Configuration issues - Packages with a separate configuration step (the "./configure" part of the standard configure/make/make install) often test for things like endianness or page size, to be portable when natively compiled. When cross-compiling, these values differ between the host system and the target system, so running tests on the host system gives the wrong answers. Configuration can also detect the presence of a package on the host and include support for it, when the target doesn't have that package or has an incompatible version.
HOSTCC vs TARGETCC - Many build processes require compiling things to run on the host system, such as the above configuration tests, or programs that generate code (such as a C program that creates a .h file which is then #included during the main build).
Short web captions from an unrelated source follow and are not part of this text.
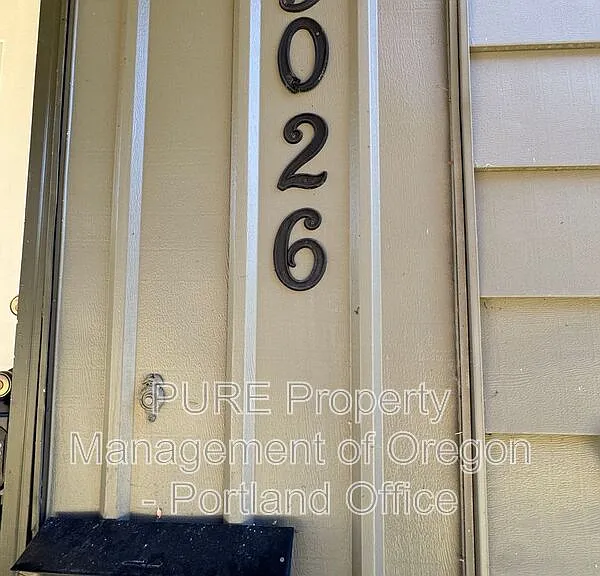 5026 N Harvard St #A — Photo 2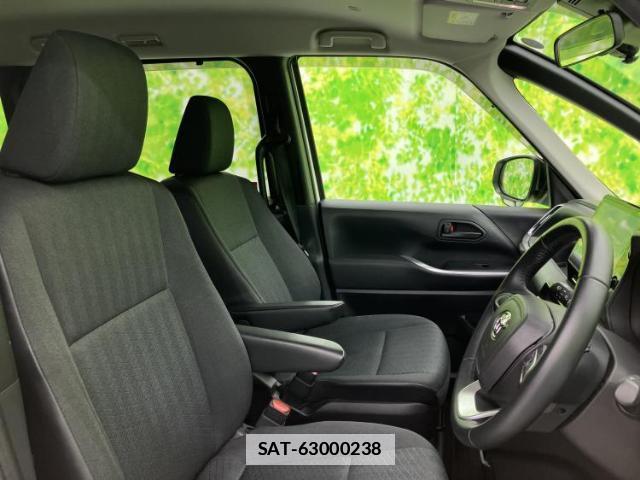 Toyota NOAH 2022-02 7821933-3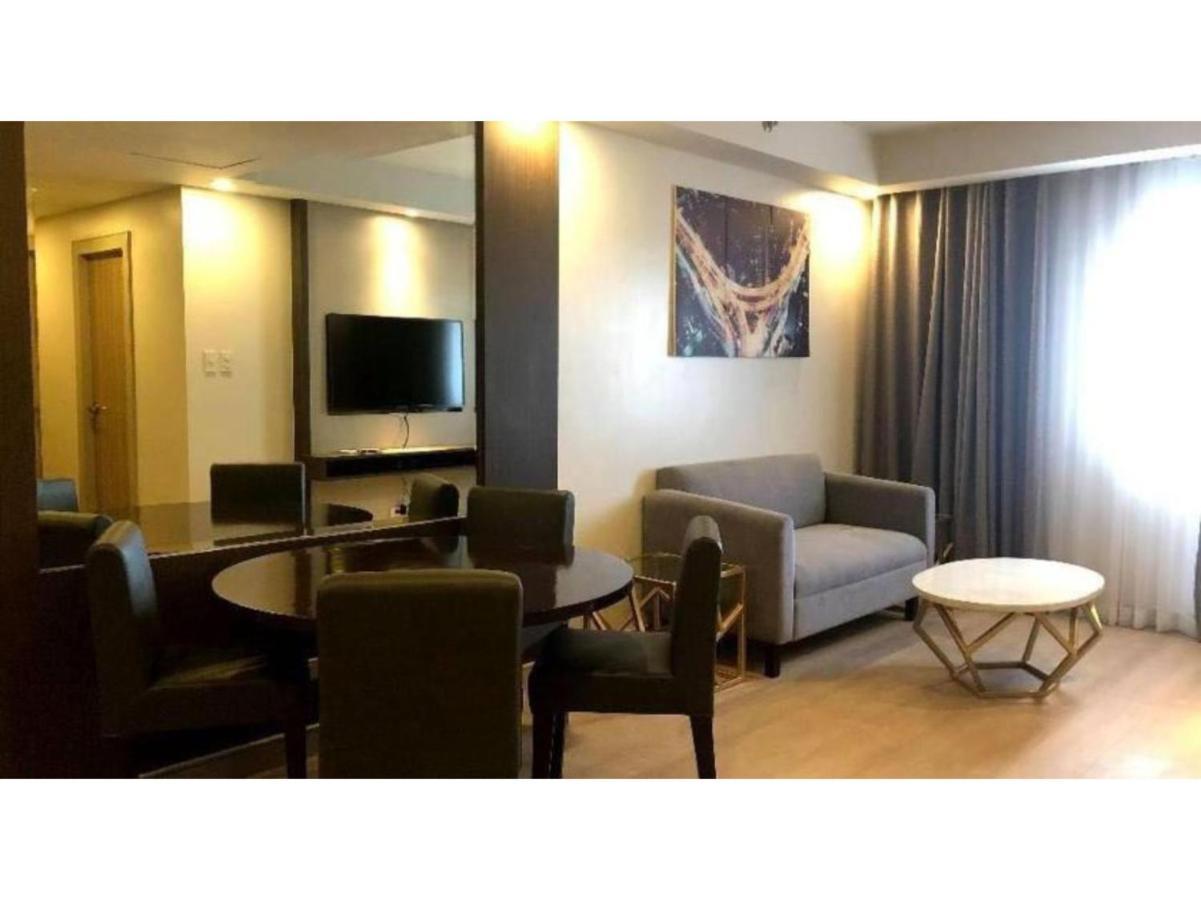 Capital O 804 The Residences At Bonifacio Civic Center Manila Exterior foto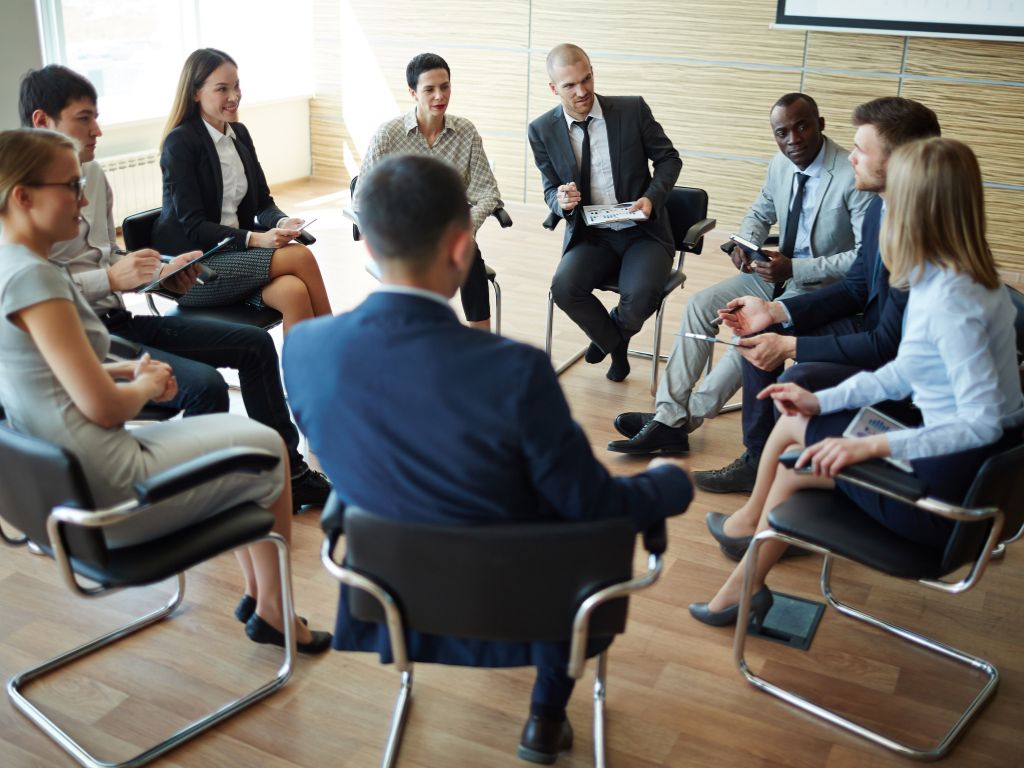 employees support group meeting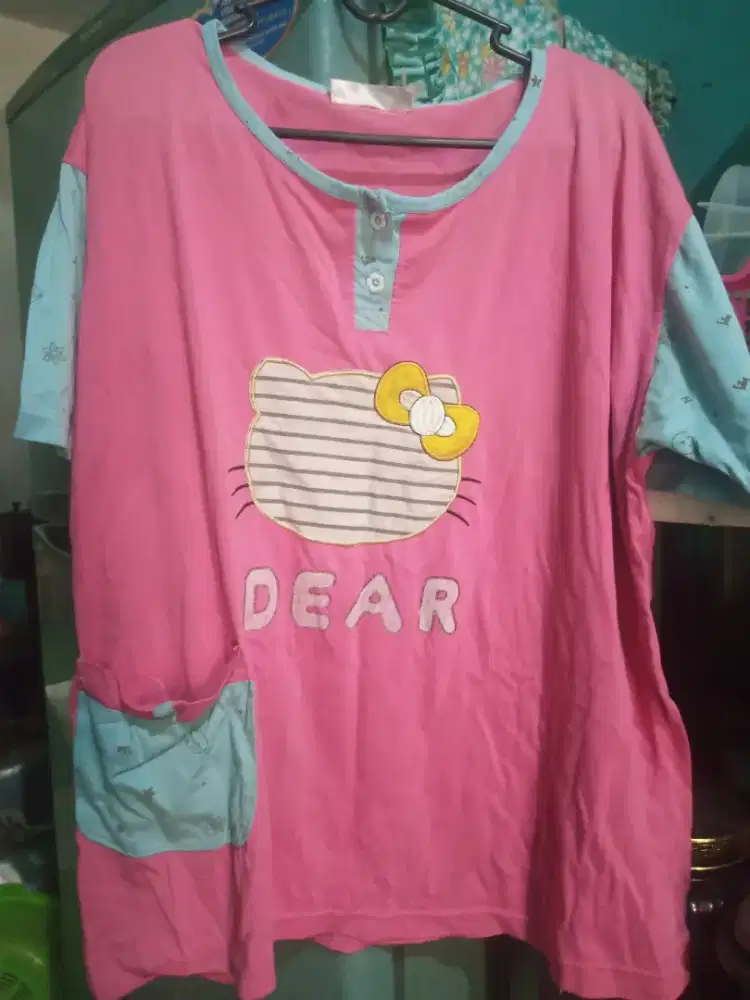 PRELOVED KAOS CEWEK WARNA PINK MIX BIRU MUDA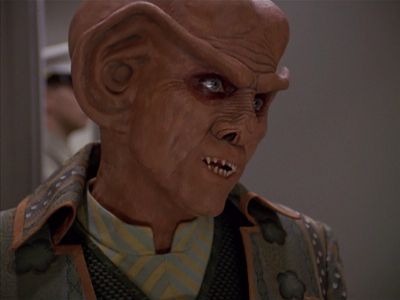 Star Trek: Deep Space Nine Screencaps "Little Green Men" (S4:E8)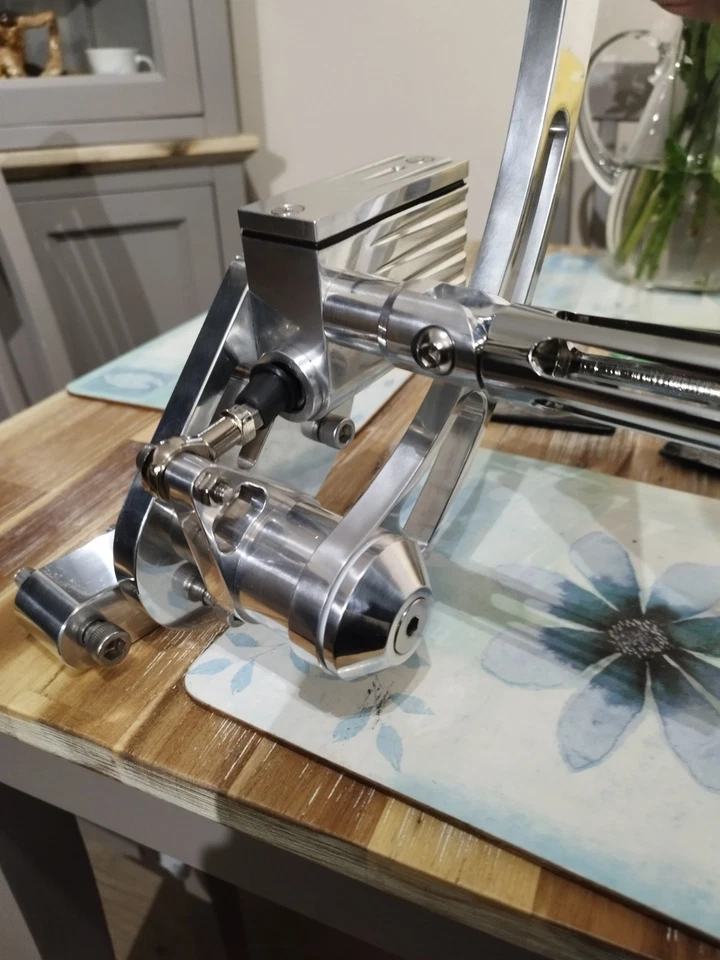 Controles delanteros en cromo Harley Davidson Fatboy FLFB o Heritage FLHCS Foto 4 de 4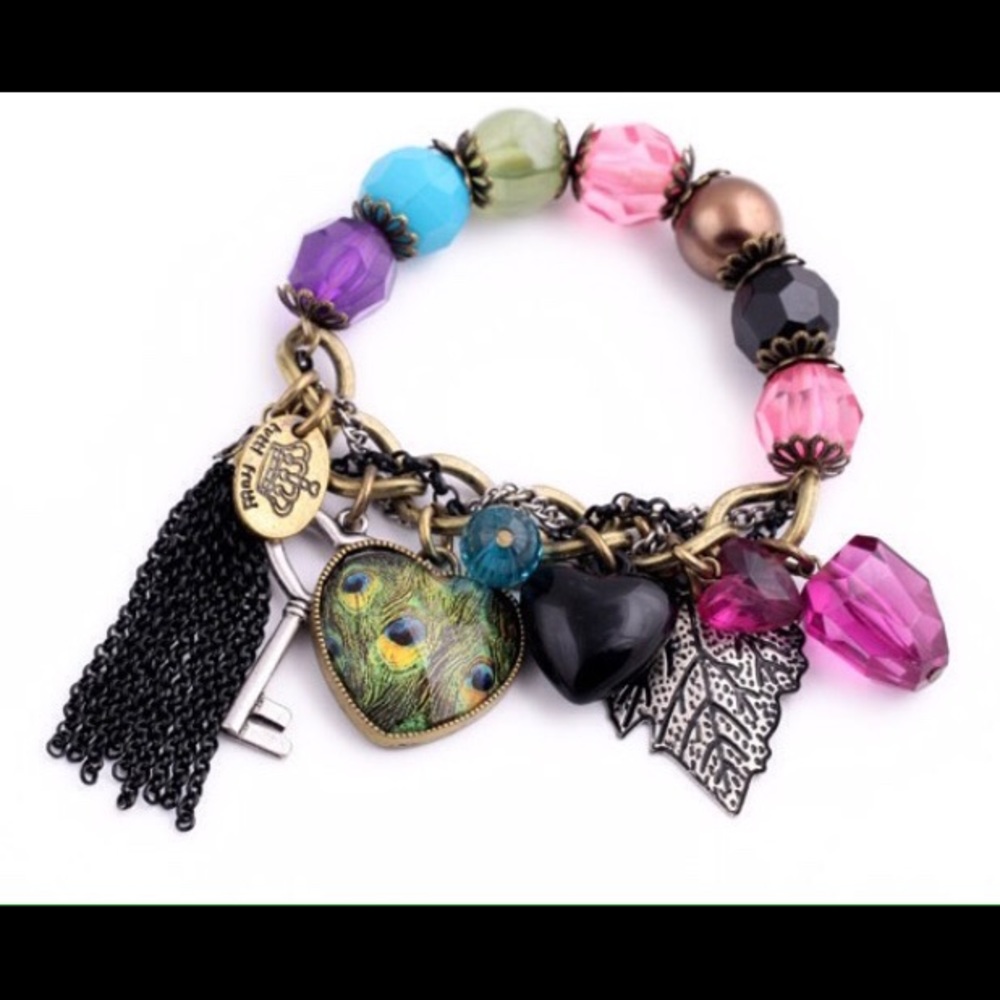 NWT Peacock heart stretchy charm bracelet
Simply replacing the host compiler with a target compiler breaks packages that need to build things that run during the build itself. Such packages need access to both a host and a target compiler, and need to be taught when to use each one. [4]
Toolchain Leaks - An improperly configured cross-compile toolchain may leak bits of the host system into the compiled programs, resulting in failures that are usually easy to detect but which can be difficult to diagnose and correct. The toolchain may #include the wrong header files, or search the wrong library paths at link time. Shared libraries often depend on other shared libraries which can also sneak in unexpected link-time references to the host system.
Libraries - Dynamically linked programs must access the appropriate shared libraries at compile time. Shared libraries to the target system need to be added to the cross-compile toolchain so programs can link against them.
Testing - On native builds, the development system provides a convenient testing environment. When cross-compiling, confirming that "hello world" built successfully can require configuring (at least) a bootloader, kernel, root file system, and shared libraries.

Footnote 1: The most prominent difference between types of computers is what processor is executing the programs, but other differences include library ABIs (such as glibc vs uClibc), machines with configurable endianness (arm vs armeb), or different modes of machines that can run both 32 bit and 64 bit code (such as x86 on x86-64).

Footnote 2: When building compilers, there's a third type called a "canadian cross", which is a cross compiler that doesn't run on your host system. A canadian cross builds a compiler that runs on one target platform and produces code for another target machine. Such a foreign compiler can be built by first creating a temporary cross compiler from the host to the first target, and then using that to build another cross-compiler for the second target. The first cross-compiler's target becomes the host the new compiler runs on, and the second target is the platform the new compiler generates output for. This technique is often used to cross-compile a new native compiler for a target platform.

Footnote 3: Modern desktop systems are sufficiently fast that emulating a target and natively compiling under the emulator is actually a viable strategy. It's significantly slower than cross compiling, requires finding or generating a native build environment for the target (often meaning you have to set up a cross-compiler anyway), and can be tripped up by differences between the emulator and the real hardware to deploy on. But it's an option.

Footnote 4: This is why cross-compile toolchains tend to prefix the names of their utilities, ala "armv5l-linux-gcc". If that was simply called "gcc" then the host and native compiler couldn't be in the $PATH at the same time.